The DeKalb County Sheriff's Office in Alabama has busted up an illegal wine distillery that was run out of a city sewage plant, calling it "one of the biggest operations we've seen in our county and possibly our state."
What are the details?
The sheriff's office announced Thursday that following an anonymous tip "investigators and narcotics unit agents uncovered a large illegal winery at the Rainsville Waste Water Treatment Plant," a facility owned by the City of Rainsville. The news release said they found "a large amount of alcohol, and a winery which appeared to be in operation for a long period of time."
Rainsville Mayor Rodger Lingerfelt was present at the plant, which employs four people, when authorities conducted their search, AL.com reported.

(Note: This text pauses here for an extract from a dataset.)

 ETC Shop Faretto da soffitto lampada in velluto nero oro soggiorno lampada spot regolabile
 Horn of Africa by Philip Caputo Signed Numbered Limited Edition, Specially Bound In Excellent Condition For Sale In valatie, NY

"I want to thank the mayor for his cooperation and willingness to allow law enforcement to do our job and shut something like this down," Sheriff Nick Welden said in a statement. "This is definitely one of the biggest operations we've seen in our county and possibly our state. A big thanks to the public and their tips against ALL illegal activities."

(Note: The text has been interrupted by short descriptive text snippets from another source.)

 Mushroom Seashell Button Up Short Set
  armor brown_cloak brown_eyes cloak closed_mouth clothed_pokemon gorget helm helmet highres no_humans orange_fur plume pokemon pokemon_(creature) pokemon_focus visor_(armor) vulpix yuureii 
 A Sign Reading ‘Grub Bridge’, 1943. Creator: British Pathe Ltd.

He added, "Once again, it doesn't matter who you are, no one is above the law. We won't tolerate anyone using their position to hide their illegal actions at the taxpayer's expense."

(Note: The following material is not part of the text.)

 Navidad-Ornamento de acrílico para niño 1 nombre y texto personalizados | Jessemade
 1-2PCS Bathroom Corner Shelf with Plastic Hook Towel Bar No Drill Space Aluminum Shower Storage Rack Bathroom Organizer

Lingerfelt held a news conference Friday to discuss the bust, where he told reporters that an employee of 15 years had been suspended without pay as the sheriff's department continues its investigation. He did not disclose the name of the employee.
Who was arrested?
Later that day, DCSO provided an update, and announced the arrest of Allen Stiefel, 62, in connection with the illegal winery operation. Stiefel has been charged with a Class B felony for use of official position for personal gain, and with a misdemeanor for unlawful possession of an illegally manufactured alcoholic beverage.
ABC News reported:
It's legal to make limited amounts of wine at home in Alabama, but it's illegal to have more than 15 gallons of homemade wine or beer at a time. Police photos show multiple fermenting vessels filled with what appears to be more than 100 gallons of white and red liquid.